Parte del diálogo actual en torno al uso de la contratransferencia reside en este campo. Tal como Freud postulara en Consejos al médico sobre el tratamiento psicoanalítico, las expectativas e inclinaciones del analista poco hacen por llevar el proceso a buen puerto, puesto que conducen a observar lo que ya se sabe o a introducir de contrabando aspectos propios en la sesión. Aunque en dichas líneas se encuentra ausente la contratransferencia, vale decir que tanto las expectativas como las inclinaciones del terapeuta obedecen a su propia estructura psíquica. El analista está advertido de sus ocurrencias y las deja pasar; ahí estriba la diferencia entre la conversación cotidiana y el diálogo analítico.
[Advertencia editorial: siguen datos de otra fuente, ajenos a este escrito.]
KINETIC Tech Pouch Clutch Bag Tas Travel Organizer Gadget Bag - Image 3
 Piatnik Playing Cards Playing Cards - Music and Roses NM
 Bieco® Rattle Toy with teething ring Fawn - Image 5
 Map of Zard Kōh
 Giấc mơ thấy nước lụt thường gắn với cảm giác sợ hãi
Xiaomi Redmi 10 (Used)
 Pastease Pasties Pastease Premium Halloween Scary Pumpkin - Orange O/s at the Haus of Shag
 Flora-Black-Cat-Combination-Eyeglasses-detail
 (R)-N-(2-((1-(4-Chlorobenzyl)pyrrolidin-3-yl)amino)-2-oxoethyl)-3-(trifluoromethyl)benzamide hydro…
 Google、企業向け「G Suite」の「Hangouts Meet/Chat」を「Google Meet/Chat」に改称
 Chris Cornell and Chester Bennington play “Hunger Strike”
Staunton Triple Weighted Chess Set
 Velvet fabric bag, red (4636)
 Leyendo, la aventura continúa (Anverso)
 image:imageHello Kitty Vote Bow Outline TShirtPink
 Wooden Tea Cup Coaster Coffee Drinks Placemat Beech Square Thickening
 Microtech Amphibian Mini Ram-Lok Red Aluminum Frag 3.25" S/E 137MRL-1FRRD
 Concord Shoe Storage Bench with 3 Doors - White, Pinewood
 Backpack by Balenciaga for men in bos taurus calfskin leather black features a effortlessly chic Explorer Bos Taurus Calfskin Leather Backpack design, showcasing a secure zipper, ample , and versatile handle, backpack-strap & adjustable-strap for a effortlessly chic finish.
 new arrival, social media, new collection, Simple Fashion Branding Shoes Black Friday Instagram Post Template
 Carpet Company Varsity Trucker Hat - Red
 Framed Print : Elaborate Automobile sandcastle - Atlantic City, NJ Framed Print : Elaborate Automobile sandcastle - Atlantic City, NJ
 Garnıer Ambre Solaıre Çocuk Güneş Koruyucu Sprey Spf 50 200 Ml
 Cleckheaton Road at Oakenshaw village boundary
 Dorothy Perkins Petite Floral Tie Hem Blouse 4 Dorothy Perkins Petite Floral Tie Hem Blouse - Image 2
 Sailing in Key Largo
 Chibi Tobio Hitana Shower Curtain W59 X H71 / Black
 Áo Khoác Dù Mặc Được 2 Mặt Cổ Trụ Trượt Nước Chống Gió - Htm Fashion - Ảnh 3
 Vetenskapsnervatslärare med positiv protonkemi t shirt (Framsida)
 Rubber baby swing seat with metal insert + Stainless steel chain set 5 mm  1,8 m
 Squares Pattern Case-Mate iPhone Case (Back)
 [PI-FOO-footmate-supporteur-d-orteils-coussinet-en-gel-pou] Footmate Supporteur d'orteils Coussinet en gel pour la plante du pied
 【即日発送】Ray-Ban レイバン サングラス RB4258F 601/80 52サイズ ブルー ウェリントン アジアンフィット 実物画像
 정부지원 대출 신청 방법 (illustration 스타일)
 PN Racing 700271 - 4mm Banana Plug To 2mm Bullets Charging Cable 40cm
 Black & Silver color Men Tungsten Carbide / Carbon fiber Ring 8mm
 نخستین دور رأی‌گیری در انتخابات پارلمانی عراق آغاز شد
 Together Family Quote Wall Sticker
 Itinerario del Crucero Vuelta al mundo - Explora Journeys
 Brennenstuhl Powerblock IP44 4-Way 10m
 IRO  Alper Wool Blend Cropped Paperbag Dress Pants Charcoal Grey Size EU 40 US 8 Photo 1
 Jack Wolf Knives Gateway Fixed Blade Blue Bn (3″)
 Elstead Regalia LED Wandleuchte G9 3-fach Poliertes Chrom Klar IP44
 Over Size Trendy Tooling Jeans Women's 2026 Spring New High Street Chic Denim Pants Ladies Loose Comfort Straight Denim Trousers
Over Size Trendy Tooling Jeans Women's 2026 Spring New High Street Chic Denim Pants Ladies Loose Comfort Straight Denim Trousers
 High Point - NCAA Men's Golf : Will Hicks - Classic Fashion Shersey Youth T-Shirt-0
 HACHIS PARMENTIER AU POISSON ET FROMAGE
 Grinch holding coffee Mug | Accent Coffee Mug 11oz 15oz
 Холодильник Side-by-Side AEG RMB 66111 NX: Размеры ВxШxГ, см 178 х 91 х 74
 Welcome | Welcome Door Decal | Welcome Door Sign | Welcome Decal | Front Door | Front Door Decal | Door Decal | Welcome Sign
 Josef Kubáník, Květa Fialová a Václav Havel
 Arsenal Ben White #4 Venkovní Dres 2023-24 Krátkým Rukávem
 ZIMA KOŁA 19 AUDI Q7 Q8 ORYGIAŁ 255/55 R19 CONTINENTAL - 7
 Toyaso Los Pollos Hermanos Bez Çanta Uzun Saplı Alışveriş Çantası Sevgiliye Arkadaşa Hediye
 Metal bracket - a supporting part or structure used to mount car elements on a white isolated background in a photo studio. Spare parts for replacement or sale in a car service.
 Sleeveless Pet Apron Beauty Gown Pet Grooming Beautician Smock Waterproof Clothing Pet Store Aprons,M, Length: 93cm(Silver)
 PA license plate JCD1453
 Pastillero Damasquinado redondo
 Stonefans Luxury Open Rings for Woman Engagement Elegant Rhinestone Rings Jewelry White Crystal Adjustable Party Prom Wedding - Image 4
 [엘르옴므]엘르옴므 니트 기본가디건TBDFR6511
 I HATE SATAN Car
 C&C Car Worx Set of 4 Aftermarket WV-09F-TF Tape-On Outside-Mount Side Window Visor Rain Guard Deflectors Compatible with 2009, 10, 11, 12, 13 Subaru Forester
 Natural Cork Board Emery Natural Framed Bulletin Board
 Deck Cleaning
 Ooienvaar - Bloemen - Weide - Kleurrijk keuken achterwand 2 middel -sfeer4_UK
Hoy, la contratransferencia se toma como un hecho inevitable de cualquier tratamiento. En aras de llevar a cabo una práctica sincera, su presencia en la sesión se reconoce y se la toma como herramienta de trabajo. Para ello deben existir ciertas condiciones: que el terapeuta tome conciencia de ella, en cuyo caso y para autores clásicos, sería inadecuado llamarla contratransferencia; y que el terapeuta pueda entender la implicación de sus conflictos en su reacción al tiempo que distingue cómo surge como respuesta a las presiones ejercidas por la fantasía del paciente. En ese sentido, la contratransferencia es más una orientación para el analista que el registro fiel de la experiencia del paciente. Para afinar su registro y refinar su acción, no existe más que el análisis personal y el proceso de supervisión.